Board of Directors
|Avv. Maggio Roberto||President||Vai al curriculum|
|Prof. Avv. Michele Giuseppe Vietti||Director||Vai al curriculum|
|Dott.ssa Ramona Graziano||Independent Director||Vai al curriculum|
|Avv. Giuseppina Rubinetti||Independent Director||Vai al curriculum|
|Prof Eugenio D'Amico||Independent Director|
The Board of Directors of Waste Italia Group is the executive body of the company and consists of six members, including two executive directors and four non-executive directors, who are entrusted with the powers for the ordinary and extraordinary management of the company. The mechanisms for the appointment and replacement of the Board of Directors are provided for in Article 13 of the Statute. The directors remain in office for up to three financial years and may be reappointed.
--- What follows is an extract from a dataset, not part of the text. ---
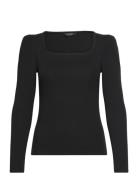 Stretch Cotton Ribbed Puff-Sleeve Tee Tops T-shirts & Tops Long-sleeved Black Lauren Ralph Lauren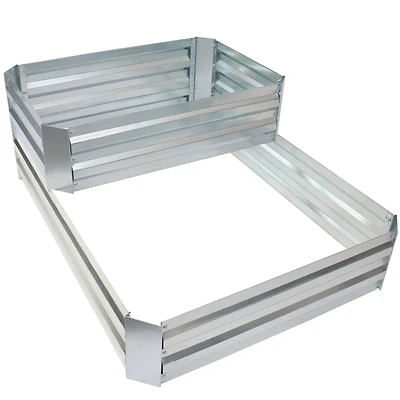 2-Tier Galvanized Steel Raised Garden Bed - 17.75" H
The Board of Directors has the broadest powers, without limitation, with the authority to take all the measures considered necessary to attain the Company’s objectives, save only those that, by law or by statute, are reserved for the Shareholders’ Meeting. The activity of the Board is carried out with the aid of the Remuneration Committee and the Risk Control Committee.
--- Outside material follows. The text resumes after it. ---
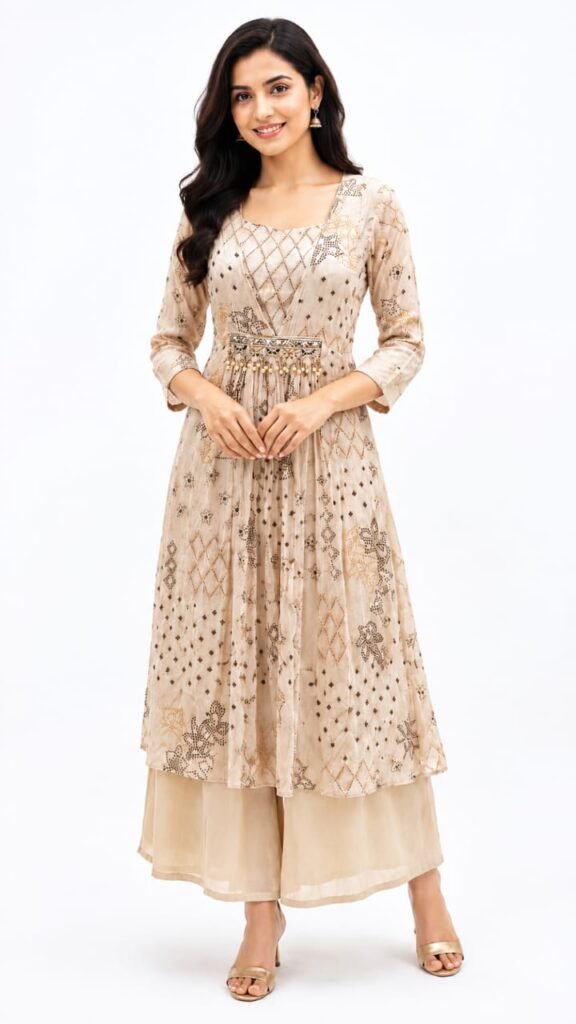 Women's Beige Printed 3-Piece Jacket Palazzo Set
The presence of two female members in the Board of Directors of Waste Italia Group is not just the result of adaptation to the compliance principles of listed companies in terms of pink quotas, but it is a concrete sign of the company’s will to deal with issues of diversity in the belief that the balance between genders is a great opportunity for a constructive dialogue that helps to create shared and long-lasting value for all its stakeholders.
Responsibility for the internal control and risk management system belongs in fact to the Board of Directors, which sets out its corporate risk management guidelines. The appointment of the Risk Control Committee in fact does not relieve the Board of tasks and responsibilities related to the obligation of supervising operating performance, but certainly this committee is an important information and advisory tool useful to the Board of Directors in order to have a careful and constant monitoring of the internal control system.